Please copy exactly the part of the records below that opens with the line containing "right to go to" and closes with the line containing "Deepening Faith: A", leaving out any pictures.

== Entries supplied ==
┄┄┄┄┄┄┄┄┄┄

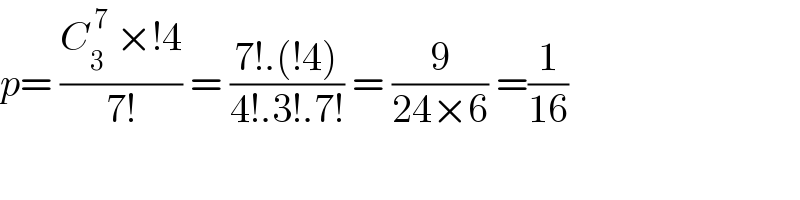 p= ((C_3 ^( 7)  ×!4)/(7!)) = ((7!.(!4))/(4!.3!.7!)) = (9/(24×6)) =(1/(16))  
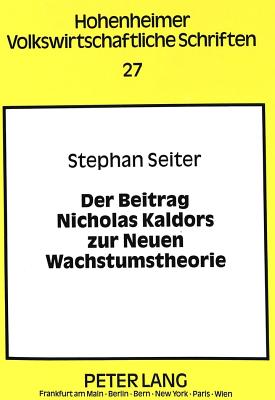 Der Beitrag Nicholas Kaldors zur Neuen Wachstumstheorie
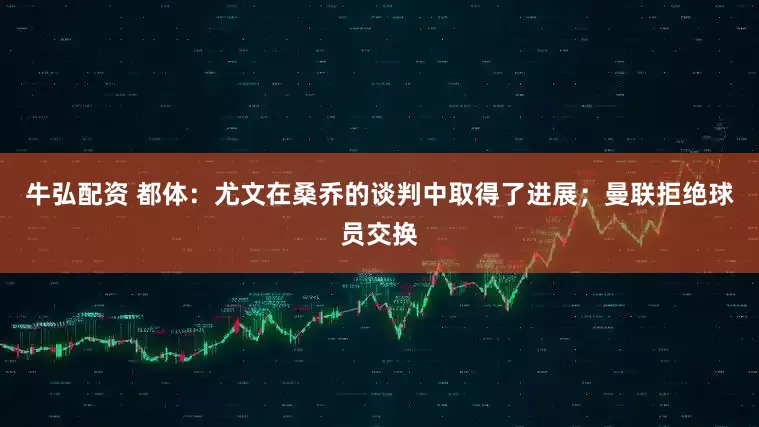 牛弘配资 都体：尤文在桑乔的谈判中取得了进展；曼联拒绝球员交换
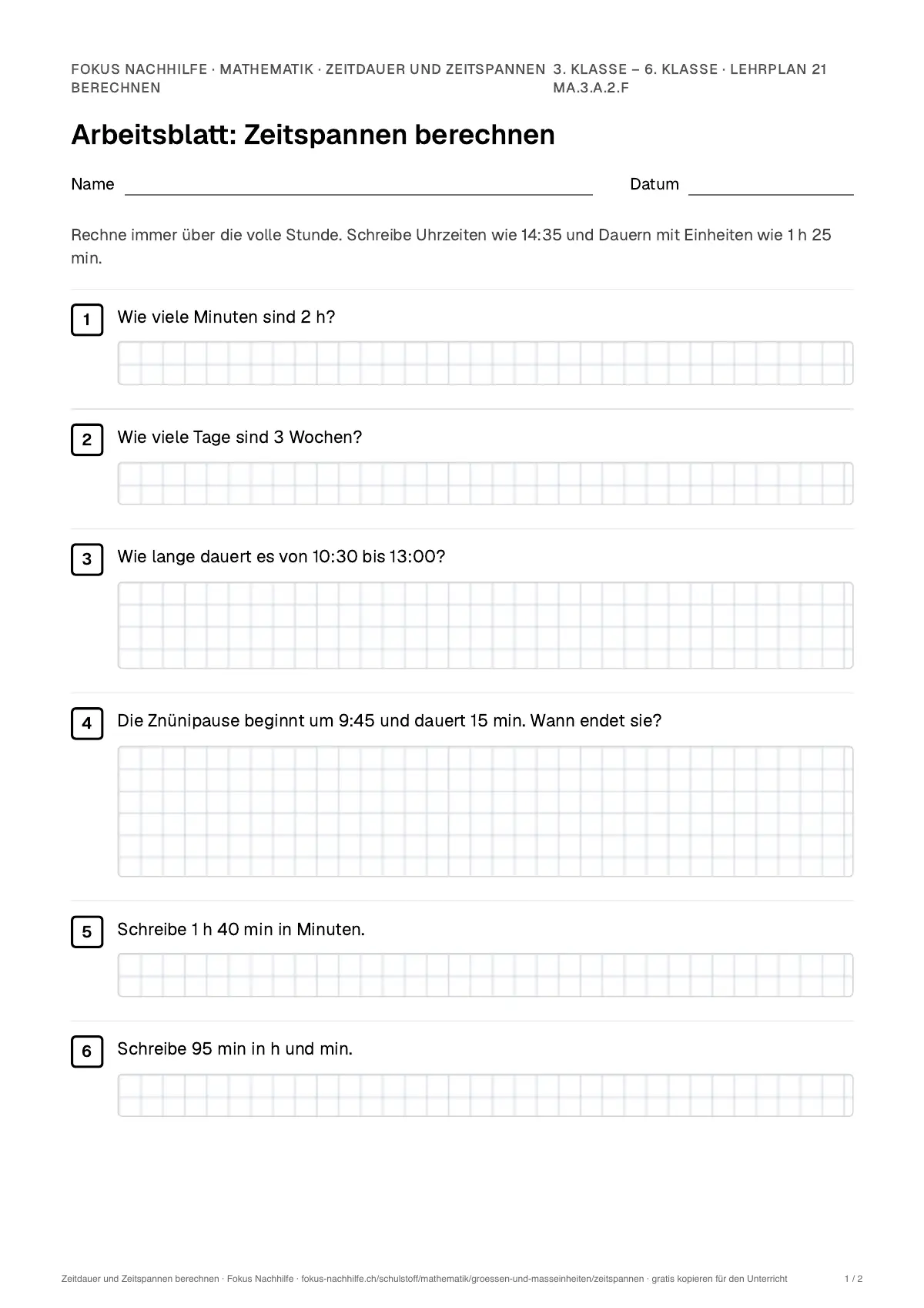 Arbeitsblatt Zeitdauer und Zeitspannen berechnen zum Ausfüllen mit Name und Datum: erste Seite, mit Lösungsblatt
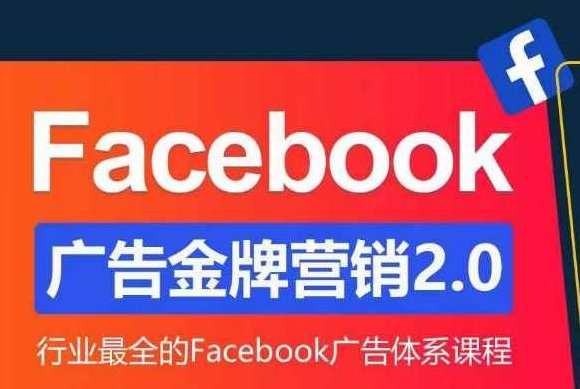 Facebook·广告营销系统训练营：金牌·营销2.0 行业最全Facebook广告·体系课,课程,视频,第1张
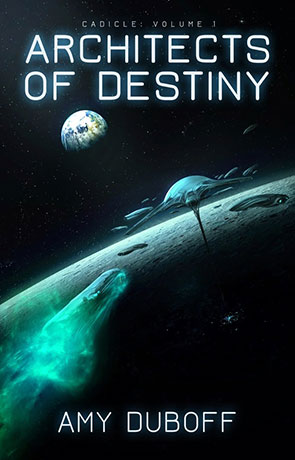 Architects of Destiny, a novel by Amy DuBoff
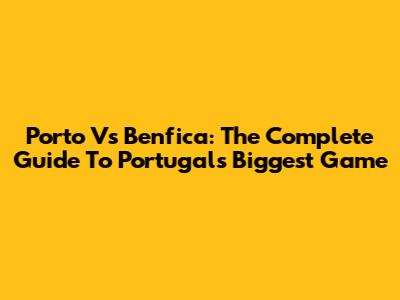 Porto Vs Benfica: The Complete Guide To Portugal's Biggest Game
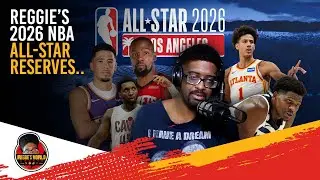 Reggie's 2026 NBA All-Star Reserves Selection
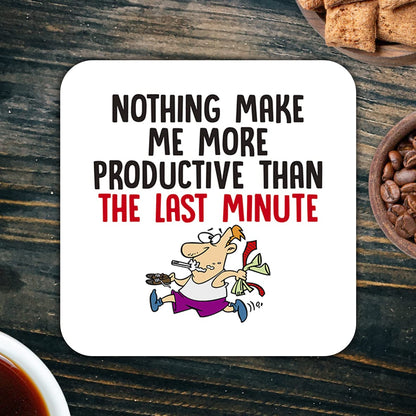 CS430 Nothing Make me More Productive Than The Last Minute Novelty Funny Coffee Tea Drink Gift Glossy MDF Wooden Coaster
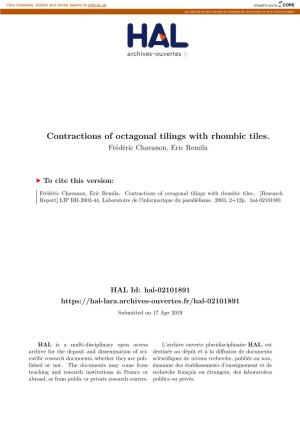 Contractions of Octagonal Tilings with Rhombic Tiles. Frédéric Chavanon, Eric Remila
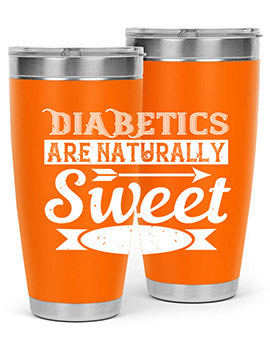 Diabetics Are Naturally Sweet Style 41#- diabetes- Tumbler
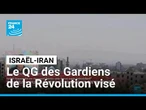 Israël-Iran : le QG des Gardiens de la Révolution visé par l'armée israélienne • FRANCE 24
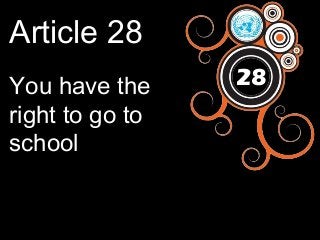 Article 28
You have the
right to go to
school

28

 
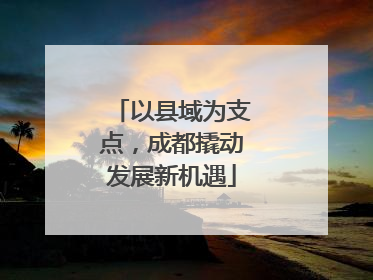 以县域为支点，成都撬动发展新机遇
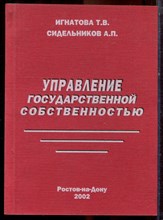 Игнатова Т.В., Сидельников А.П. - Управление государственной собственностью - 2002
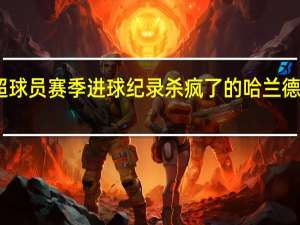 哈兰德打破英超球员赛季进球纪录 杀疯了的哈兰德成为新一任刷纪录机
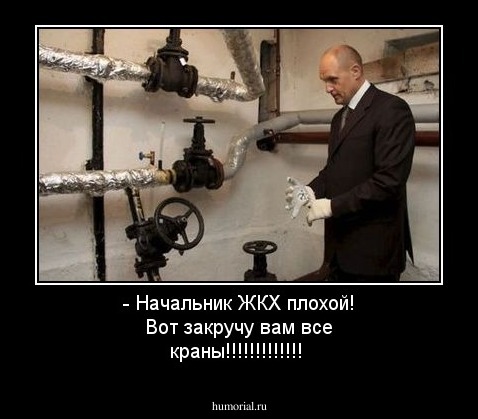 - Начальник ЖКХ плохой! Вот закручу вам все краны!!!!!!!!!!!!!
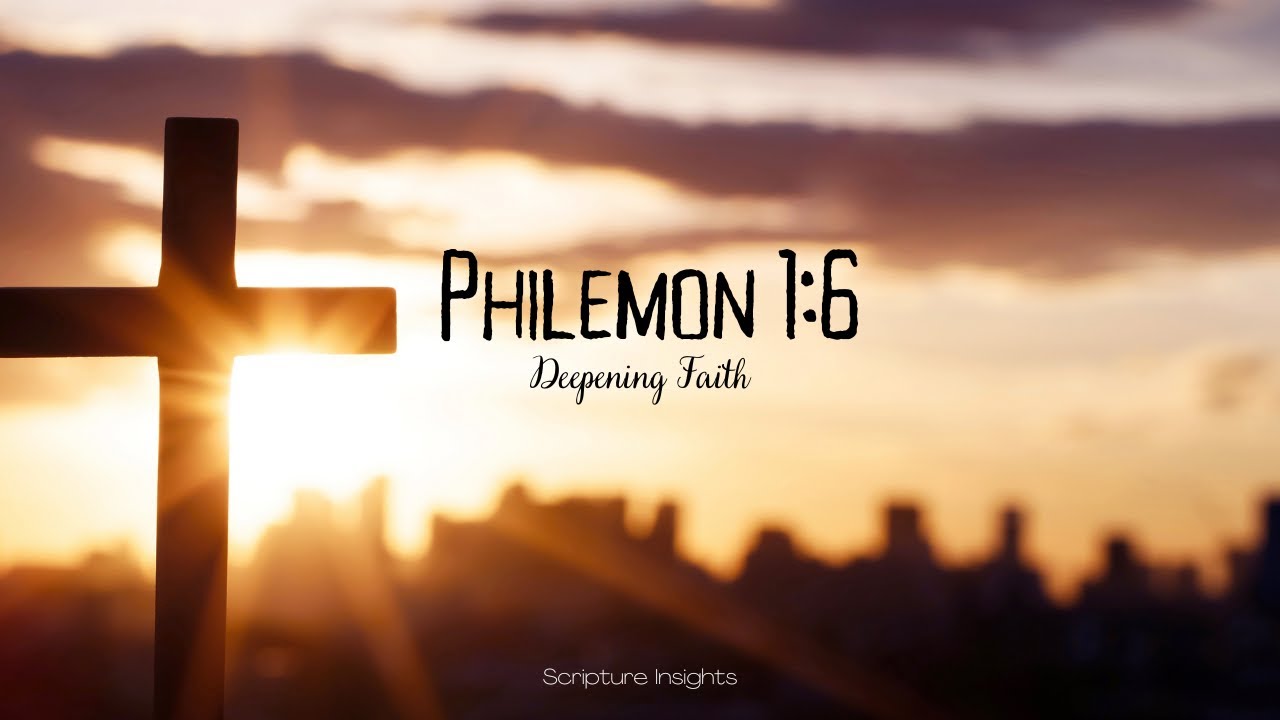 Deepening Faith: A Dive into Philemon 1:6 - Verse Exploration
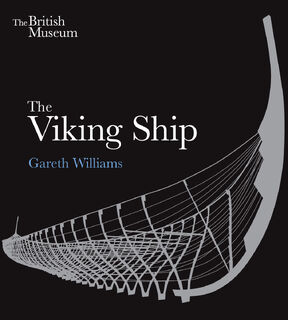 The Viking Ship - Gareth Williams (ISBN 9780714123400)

┄┄┄┄┄┄┄┄┄┄

== Your solution ==
right to go to
school

28

 
 以县域为支点，成都撬动发展新机遇
 Игнатова Т.В., Сидельников А.П. - Управление государственной собственностью - 2002
 哈兰德打破英超球员赛季进球纪录 杀疯了的哈兰德成为新一任刷纪录机
 - Начальник ЖКХ плохой! Вот закручу вам все краны!!!!!!!!!!!!!
 Deepening Faith: A Dive into Philemon 1:6 - Verse Exploration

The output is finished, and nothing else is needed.